「整形外科に転職したいけれど、なかなか志望動機が上手に書けない」という人は多く存在します。それはどうしてでしょうか。

以前に整形外科で実際に働いた経験をもっている看護師であれば、そのときに抱いた「看護観」や「目標」について語ることができます。

しかし整形外科が未経験の場合、志望理由は「人づてに聞いた内容を想像して膨らましたもの」になってしまいがちです。

あなたの想像上の「整形外科のイメージ」を伝えるだけですと、採用側に「現実との間にギャップがあるけれど、この人はやっていけるのだろうか」と思われてしまいます。

まず「整形外科の看護師とはどういう看護観をもって働くことが大切か」を理解し、大まかな整形外科について理解しておくことが大切です(こちらについては、当サイトの「整形外科に転職し『やりがい』を感じる看護師になるための考え方」に掲載しています)。

その上で、「自分はどうして整形外科の看護師になりたいのか」を再考し、自分なりに志望動機を具体的に絞り込んでいくと良いのです。

採用される志望動機とは

まず、「志望動機にはどのような目的があるのか」、「どのように志望動機を書いていけば良いのか」について簡単にお話ししておきます。

志望動機とは

志望動機については、履歴書の書式によって志望動機のスペースがわざわざ設けられているものもあれば、「趣味・特技」などと同じスペースに書く場合もあります。一見あまり重要視されていない項目のような印象を受けますが、そのようなことはありません。

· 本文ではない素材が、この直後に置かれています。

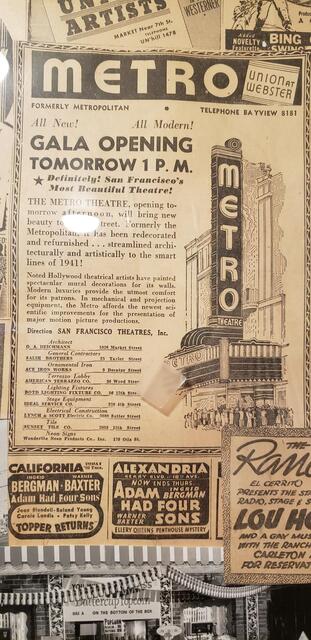 1941 Re Opening Remodel Ad  Metro Theatre SF 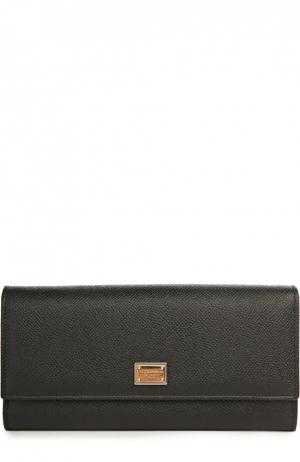 Кожаный кошелек с тиснением Dauphine Dolce & Gabbana. Цвет: черный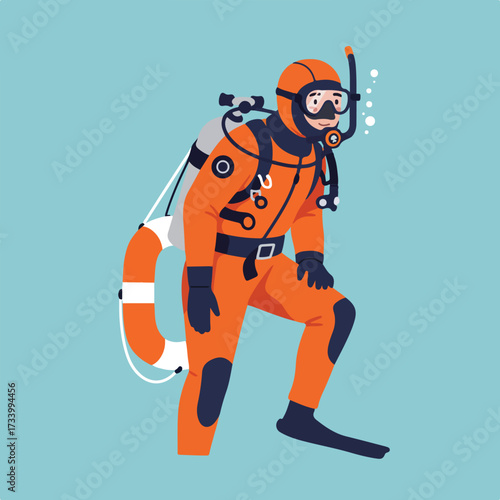 A diver in an orange suit with scuba gear and a life preserver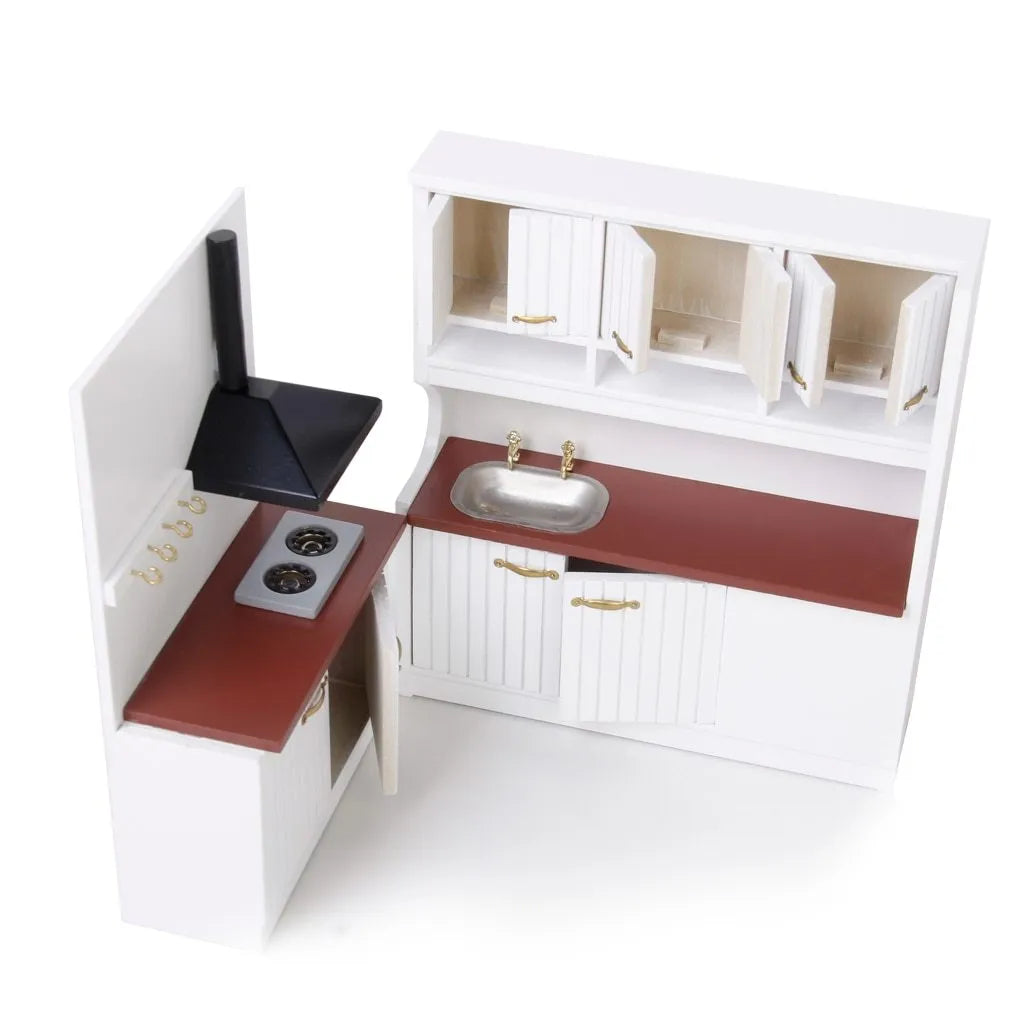 White birch wood dollhouse kitchen cabinet set with sink and stove cabinets and working doors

志望動機は採用に向けての重要な選考基準であり、面接まで進めば必ず聞かれる質問のひとつともいえます。

志望動機とは、「あなたがその医療機関の、しかも整形外科に入職を希望し、そこで『自分は何ができるのか』『どのようなキャリアアップしていきたいのか』『何を実現していきたいのか』といった将来に向け前向きでポジティブな意志表示をすること」です。

簡単にいえば、志望動機とは志望先の医療機関で「自分には何ができて」そして「何をしたいのか」を伝えることです。

そのため、「自分のこれまでの能力を活かせると思ったから」といったような誰でも書きそうな紋切り型の志望動機ではいけません。

この記事の後半に例文を載せているので、それを参考にしながら必ず自分の言葉で考え、自分の意志を志望動機に練りこむようにしてください。

ただ単に、整形外科の志望動機例文を少しアレンジするだけでは、面接の場で必ずボロが出てしまいます。充分な時間を取って、自分なりの志望動機を考えることが重要です。

志望動機のアピール度を高めるには

そもそも、あなたが「整形外科に転職しよう」と考えた理由は何なのでしょうか。

人間関係や待遇、仕事内容の不満も転職理由のひとつだったかもしれません。しかし突き詰めれば、「今の職場ではできないことを次の職場である整形外科で実現したいと思ったから」ではないでしょうか。

そのため、もし「整形外科に転職したい」という理由が明確でない場合は、まずは「整形外科で自分はどのようなことを実現し、やりがいを見出していきたいのか」について徹底的に考えることが大切です。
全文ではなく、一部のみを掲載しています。